Privacy. It is argued that end-to-end encryption, without safeguards or access under a lawful warrant, is necessary to protect our privacy. Erica Portnoy, from the Electronic Frontier Foundation (EFF), for example, argues that “A secure messenger should provide the same amount of privacy as you have in your living room. And the D.O.J. is saying it would be worth putting a camera in every living room to catch a few child predators.” On the first part, we agree: you have certain expectations of privacy in your living room, but not absolute privacy. On the second part, we disagree: first, the DOJ is not asking to place a camera in every living room. It is asking to be allowed to view content when a lawful warrant has been issued, as it can in your living room. And lastly, is the EFF really comfortable referring to 45 million pieces of CSAM content reported to NCMEC last year as “a few child predators?”

Conclusions
We can and we must do better when it comes to contending with the horrific spread of child sexual abuse material. I reject the naysayers that argue that it is too difficult or impossible, or those that say that reasonable and responsible content moderation will lead to the stifling of an open exchange of ideas.

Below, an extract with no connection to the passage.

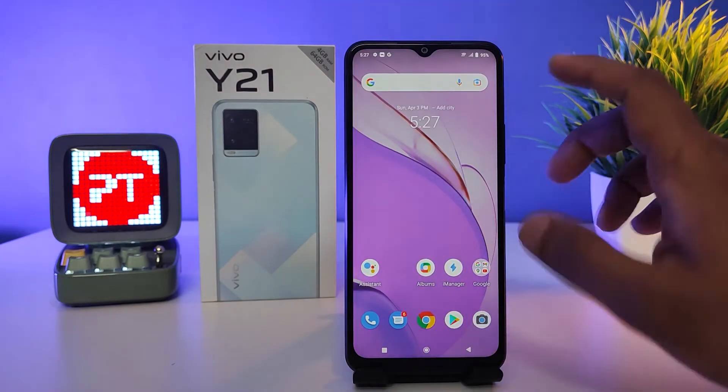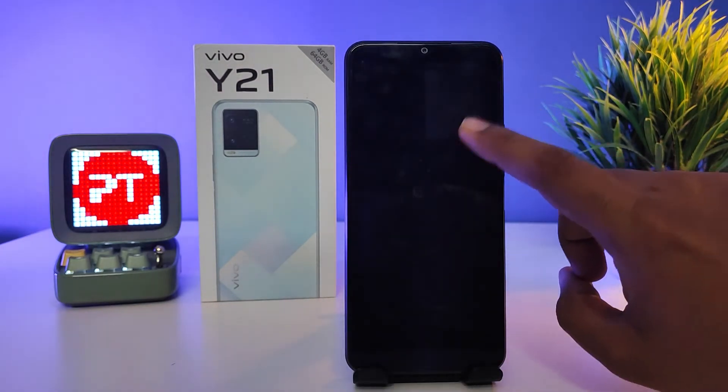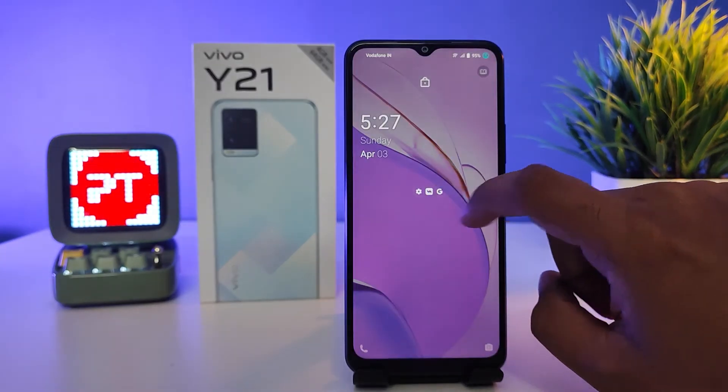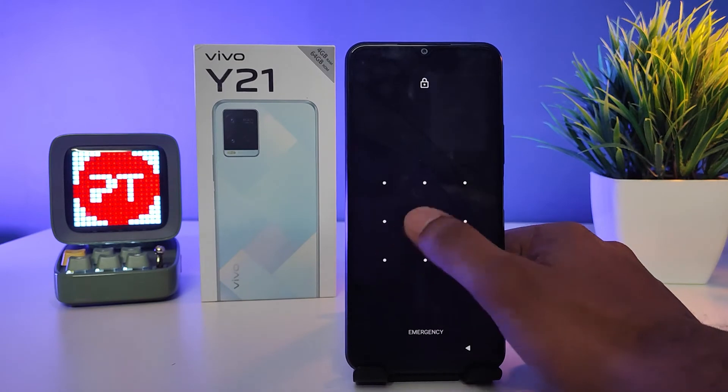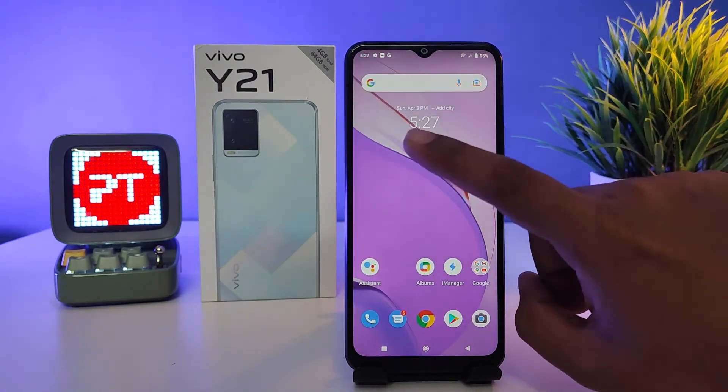Now you can check — I will double tap the screen to turn off, and double tap the screen to turn on. It's a very useful feature. You can see — I'll do it again: double tap the screen to turn off, and double tap the screen to turn on.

Professor Hany Farid is Professor of Electrical Engineering and Computer Science at the School of Information at the University of California, Berkeley. His research focuses on digital forensics, image analysis, and human perception. He received his undergraduate degree in Computer Science and Applied Mathematics from the University of Rochester in 1989, his MS in Computer Science from SUNY Albany, and his PhD in Computer Science from the University of Pennsylvania in 1997. Following a two-year post-doctoral fellowship in Brain and Cognitive Sciences at MIT, he joined the faculty at Dartmouth College in 1999 where he remained until 2019. He is the recipient of an Alfred P. Sloan Fellowship, a John Simon Guggenheim Fellowship, and is a Fellow of the National Academy of Inventors.